TASK STATEMENT >> Copy out all of the lines below exactly; the pictures do not belong in the copy.

------------------------------------------------------------------------

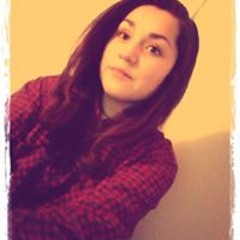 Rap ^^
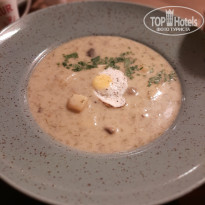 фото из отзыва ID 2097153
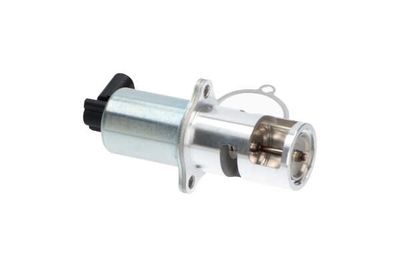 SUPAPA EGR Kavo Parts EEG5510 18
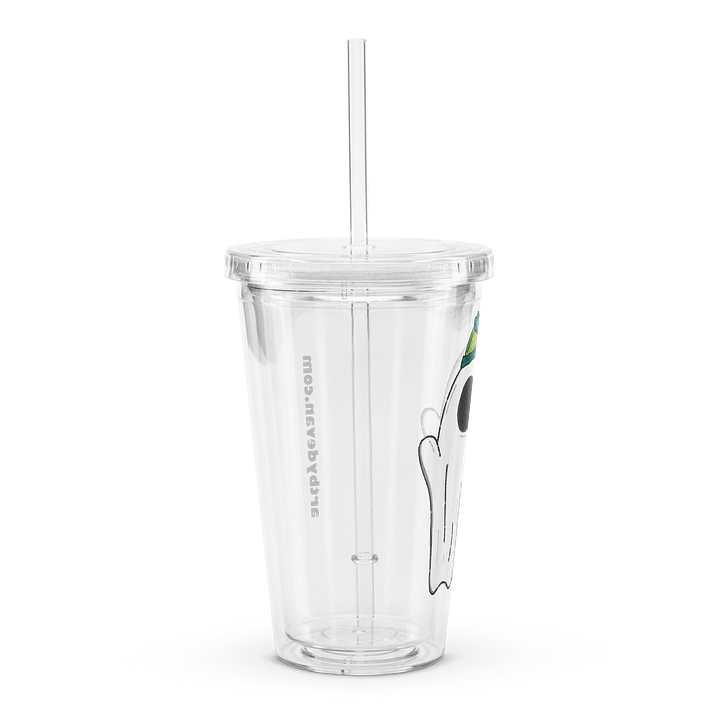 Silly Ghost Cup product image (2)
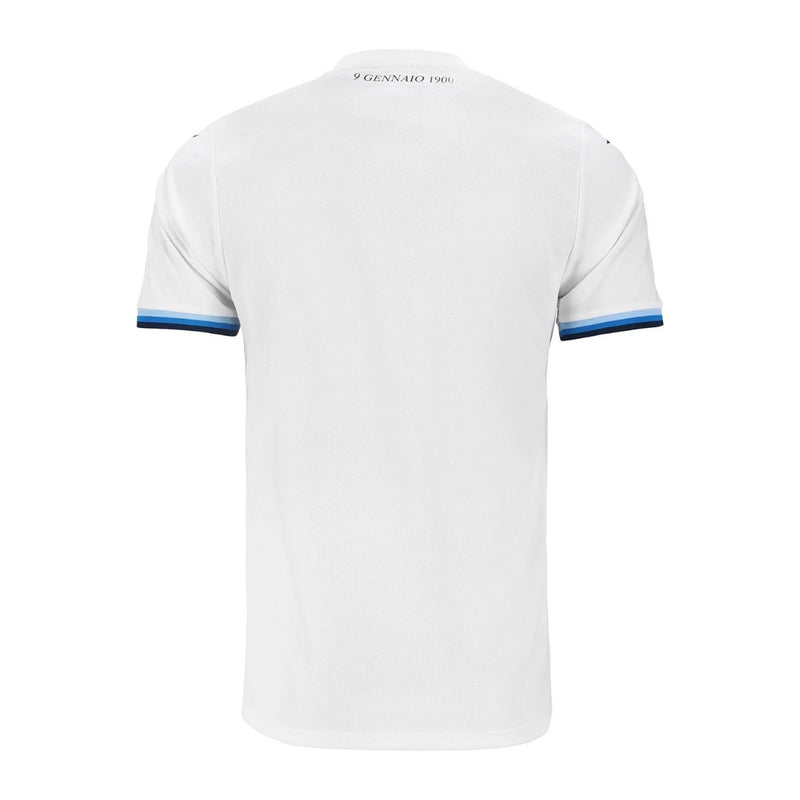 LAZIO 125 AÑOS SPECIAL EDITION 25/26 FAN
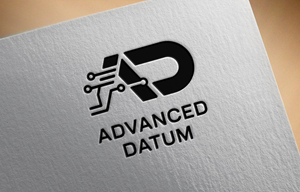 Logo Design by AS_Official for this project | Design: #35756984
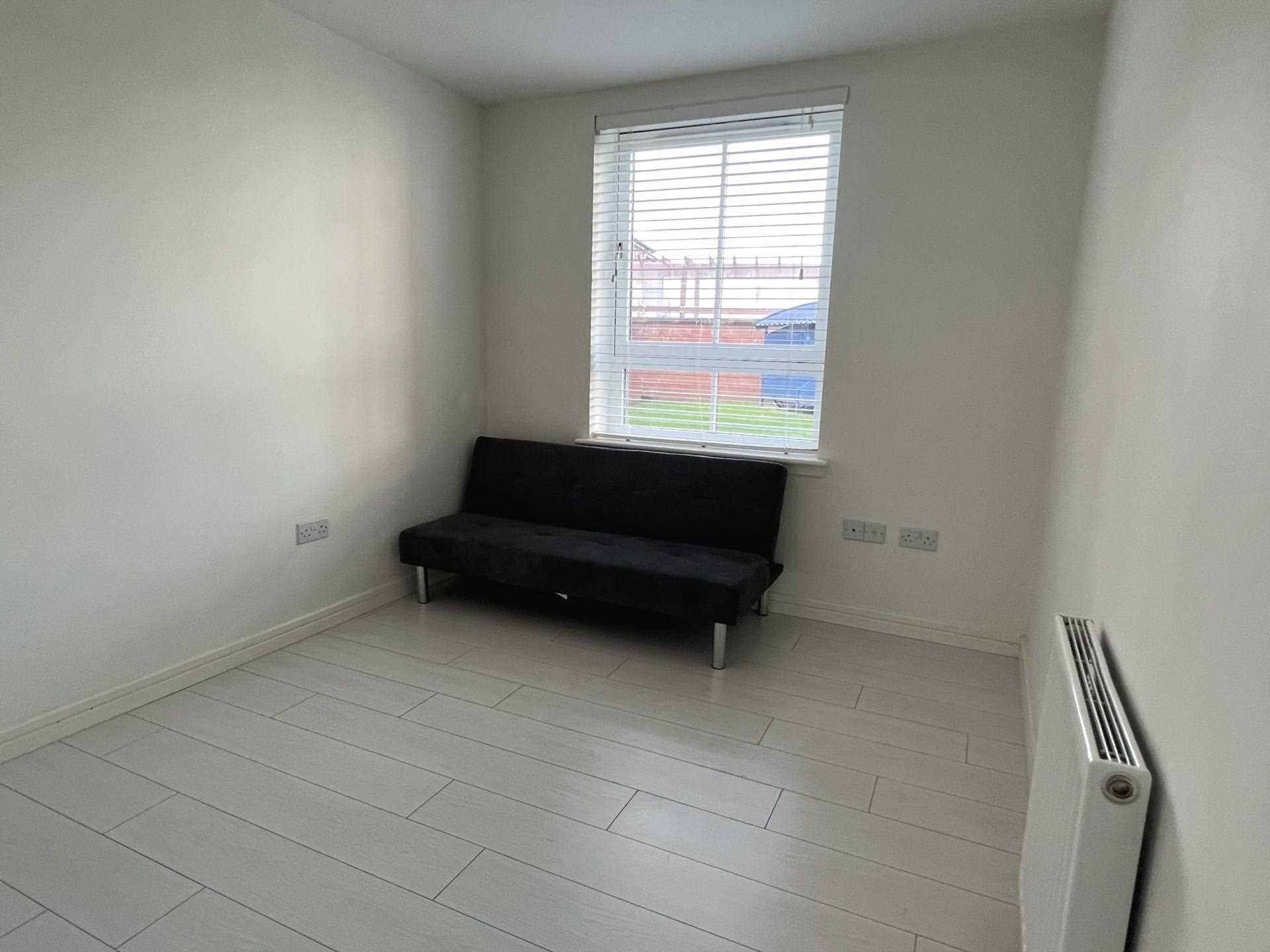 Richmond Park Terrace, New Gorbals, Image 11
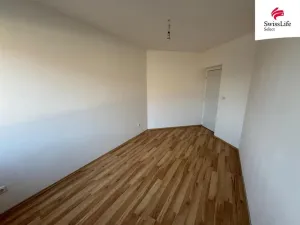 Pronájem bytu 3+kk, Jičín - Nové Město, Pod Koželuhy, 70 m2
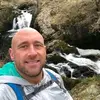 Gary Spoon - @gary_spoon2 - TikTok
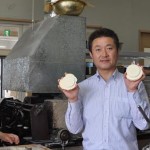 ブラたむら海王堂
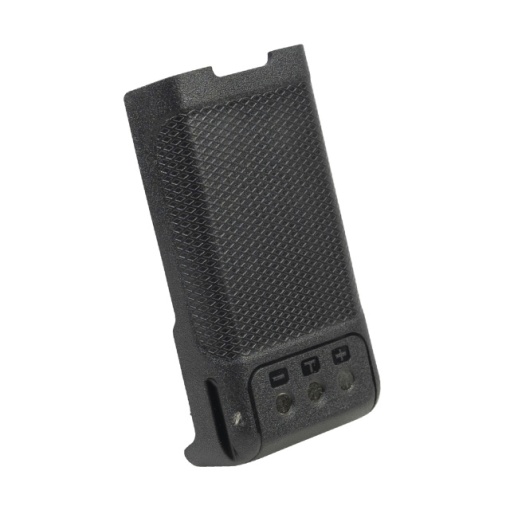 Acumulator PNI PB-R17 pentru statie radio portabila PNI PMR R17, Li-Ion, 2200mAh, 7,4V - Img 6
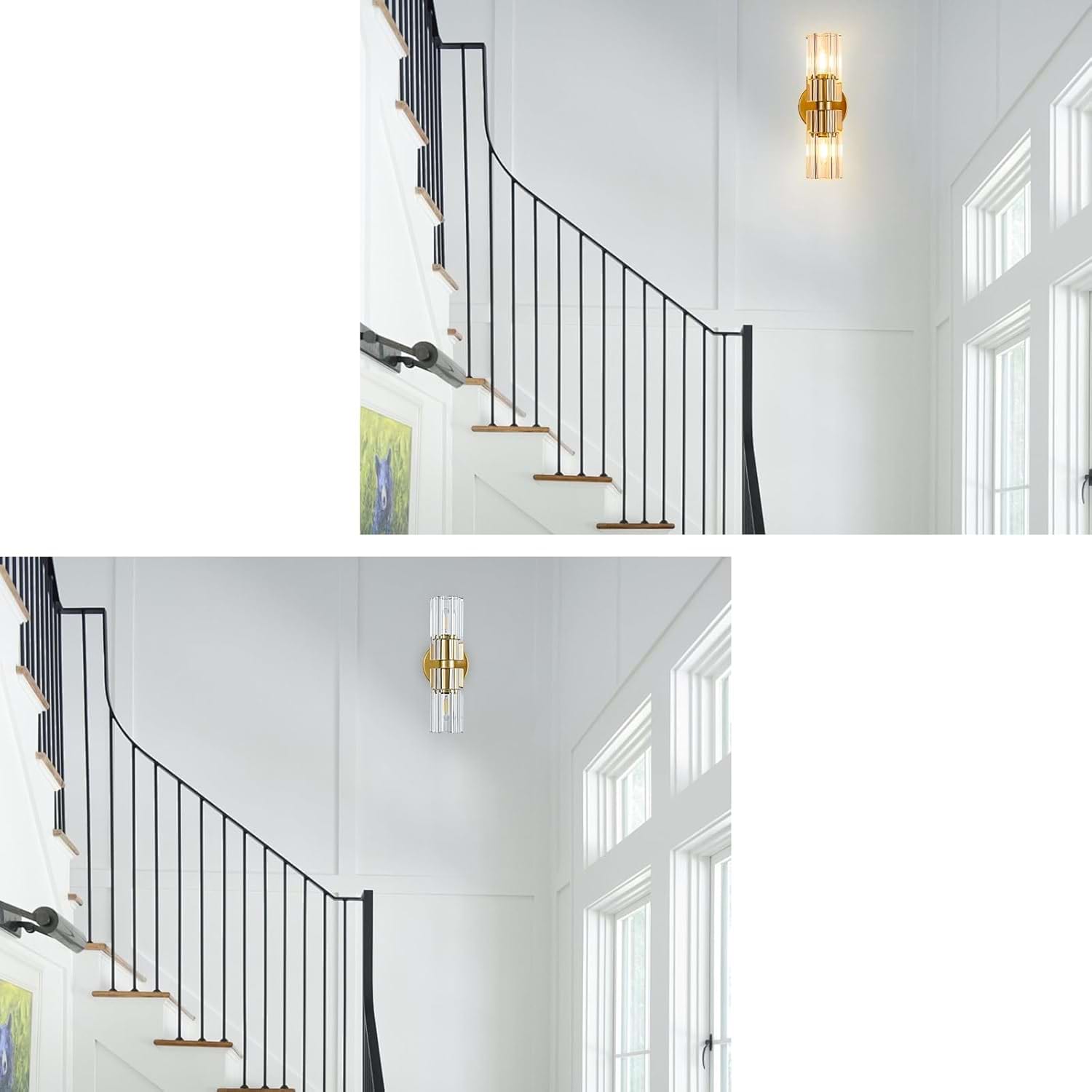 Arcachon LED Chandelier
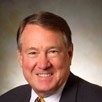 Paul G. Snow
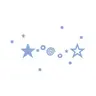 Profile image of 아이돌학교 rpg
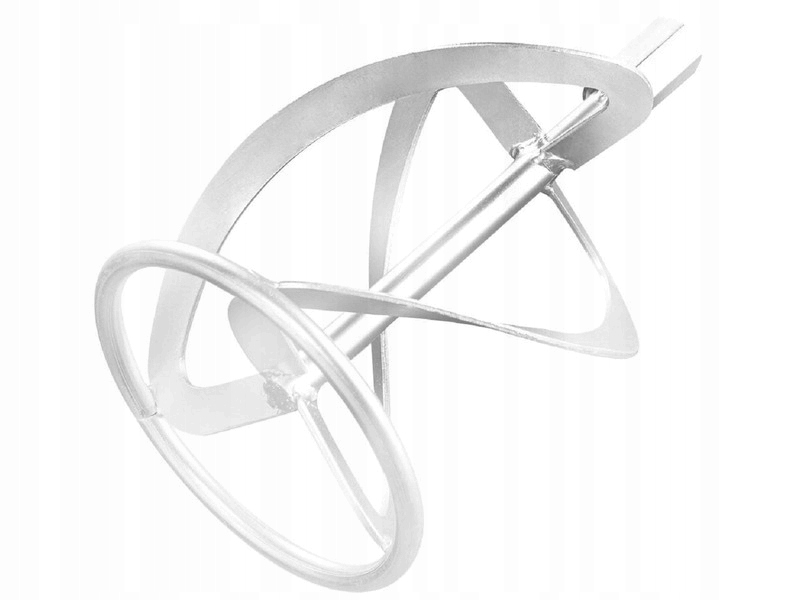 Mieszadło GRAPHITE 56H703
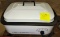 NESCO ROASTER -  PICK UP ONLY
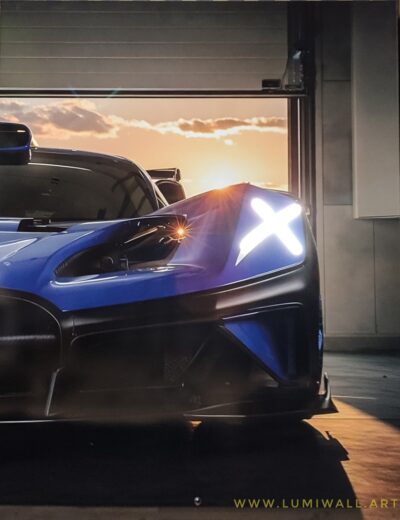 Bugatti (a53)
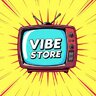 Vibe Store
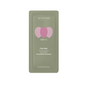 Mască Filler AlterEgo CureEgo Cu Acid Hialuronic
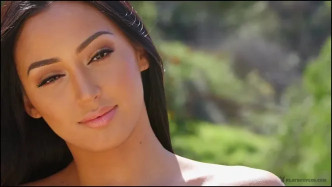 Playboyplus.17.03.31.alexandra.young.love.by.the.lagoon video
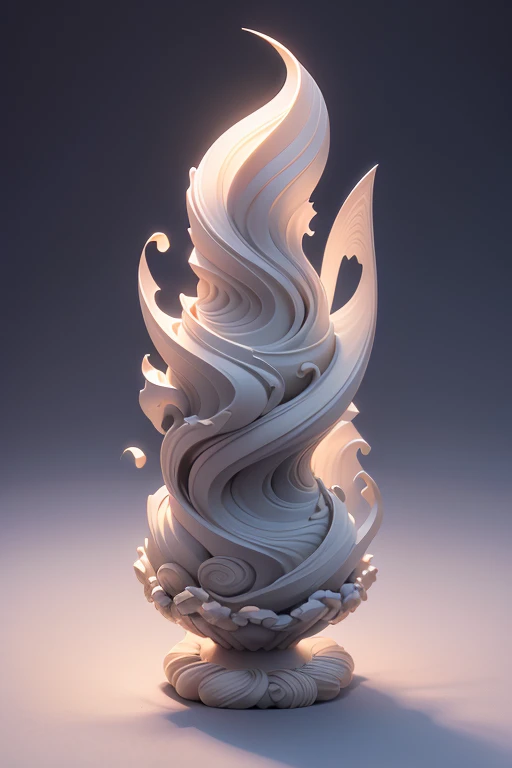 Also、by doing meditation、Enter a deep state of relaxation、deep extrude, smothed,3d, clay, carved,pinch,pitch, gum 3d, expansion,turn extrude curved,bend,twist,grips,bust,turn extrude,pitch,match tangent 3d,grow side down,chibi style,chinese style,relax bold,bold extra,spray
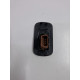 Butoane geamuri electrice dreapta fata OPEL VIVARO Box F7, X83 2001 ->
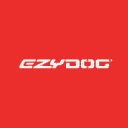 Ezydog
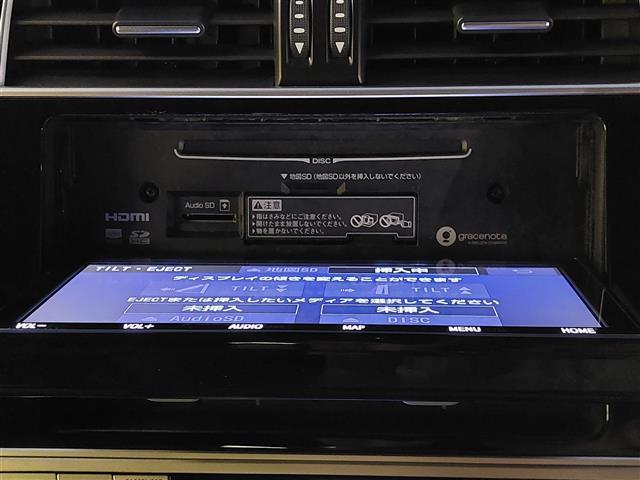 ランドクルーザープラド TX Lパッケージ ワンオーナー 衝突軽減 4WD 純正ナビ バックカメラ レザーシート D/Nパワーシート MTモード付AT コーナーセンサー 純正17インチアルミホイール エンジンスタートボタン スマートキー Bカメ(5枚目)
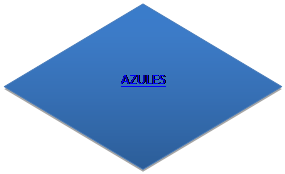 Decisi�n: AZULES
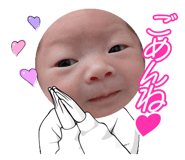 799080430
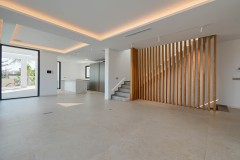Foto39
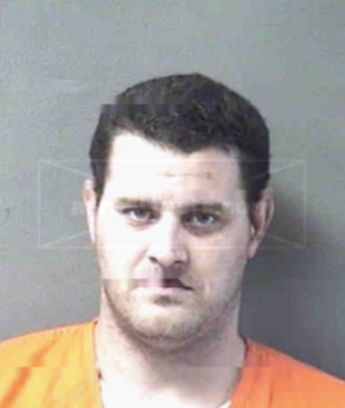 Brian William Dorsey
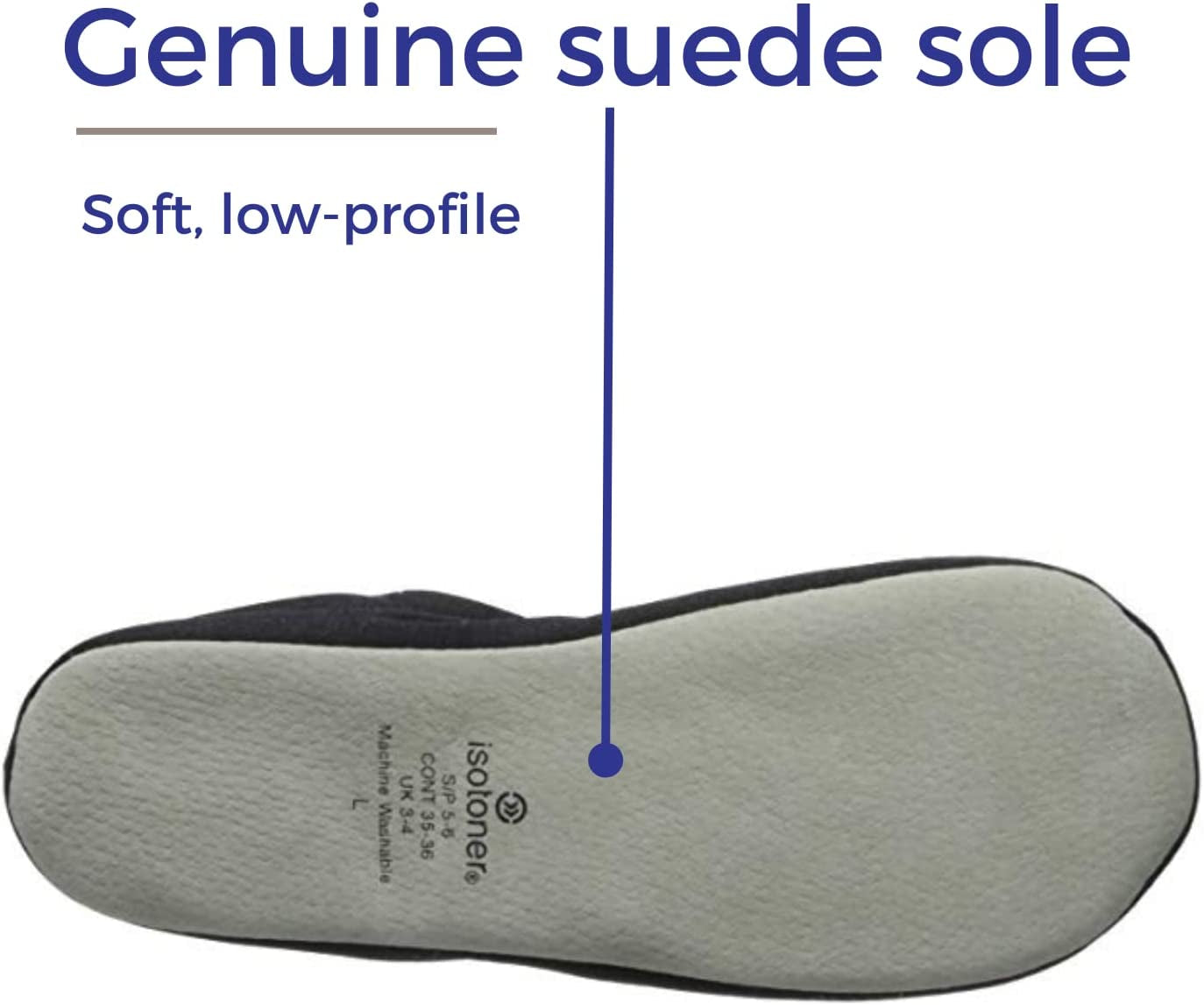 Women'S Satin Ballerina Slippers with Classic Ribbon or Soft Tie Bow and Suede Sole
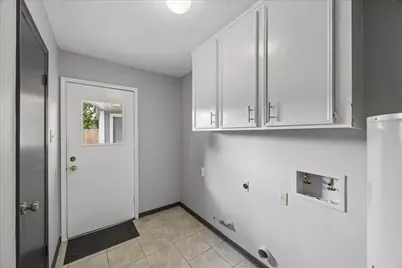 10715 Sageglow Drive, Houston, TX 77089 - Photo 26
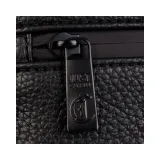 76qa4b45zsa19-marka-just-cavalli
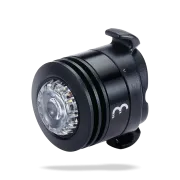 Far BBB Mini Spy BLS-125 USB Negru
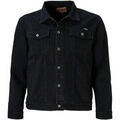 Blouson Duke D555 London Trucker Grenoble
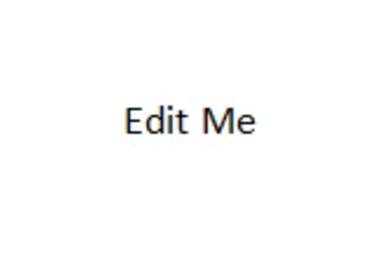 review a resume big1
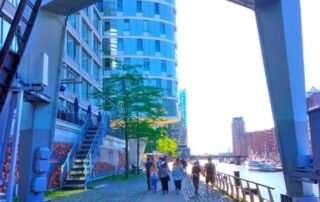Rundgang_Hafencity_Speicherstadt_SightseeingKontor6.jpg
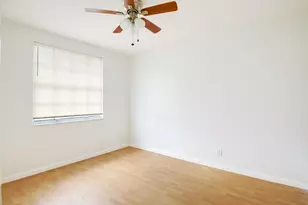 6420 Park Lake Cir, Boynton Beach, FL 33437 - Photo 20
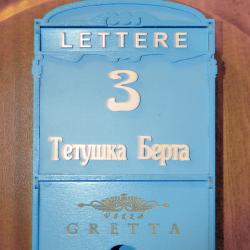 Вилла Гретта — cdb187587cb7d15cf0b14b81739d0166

------------------------------------------------------------------------

ANSWER >>
 Rap ^^
 фото из отзыва ID 2097153
 SUPAPA EGR Kavo Parts EEG5510 18
 Silly Ghost Cup product image (2)
 LAZIO 125 AÑOS SPECIAL EDITION 25/26 FAN
 Logo Design by AS_Official for this project | Design: #35756984
 Richmond Park Terrace, New Gorbals, Image 11
 Pronájem bytu 3+kk, Jičín - Nové Město, Pod Koželuhy, 70 m2
 Gary Spoon - @gary_spoon2 - TikTok
 ブラたむら海王堂
 Acumulator PNI PB-R17 pentru statie radio portabila PNI PMR R17, Li-Ion, 2200mAh, 7,4V - Img 6
 Arcachon LED Chandelier
 Paul G. Snow
 Profile image of 아이돌학교 rpg
 Mieszadło GRAPHITE 56H703
 NESCO ROASTER -  PICK UP ONLY
 Bugatti (a53)
 Vibe Store
 Mască Filler AlterEgo CureEgo Cu Acid Hialuronic
 Playboyplus.17.03.31.alexandra.young.love.by.the.lagoon video
 Also、by doing meditation、Enter a deep state of relaxation、deep extrude, smothed,3d, clay, carved,pinch,pitch, gum 3d, expansion,turn extrude curved,bend,twist,grips,bust,turn extrude,pitch,match tangent 3d,grow side down,chibi style,chinese style,relax bold,bold extra,spray
 Butoane geamuri electrice dreapta fata OPEL VIVARO Box F7, X83 2001 ->
 Ezydog
 ランドクルーザープラド TX Lパッケージ ワンオーナー 衝突軽減 4WD 純正ナビ バックカメラ レザーシート D/Nパワーシート MTモード付AT コーナーセンサー 純正17インチアルミホイール エンジンスタートボタン スマートキー Bカメ(5枚目)
 Decisi�n: AZULES
 799080430
Foto39
 Brian William Dorsey
 Women'S Satin Ballerina Slippers with Classic Ribbon or Soft Tie Bow and Suede Sole
 10715 Sageglow Drive, Houston, TX 77089 - Photo 26
 76qa4b45zsa19-marka-just-cavalli
 Far BBB Mini Spy BLS-125 USB Negru
 Blouson Duke D555 London Trucker Grenoble
 review a resume big1
Rundgang_Hafencity_Speicherstadt_SightseeingKontor6.jpg
 6420 Park Lake Cir, Boynton Beach, FL 33437 - Photo 20
 Вилла Гретта — cdb187587cb7d15cf0b14b81739d0166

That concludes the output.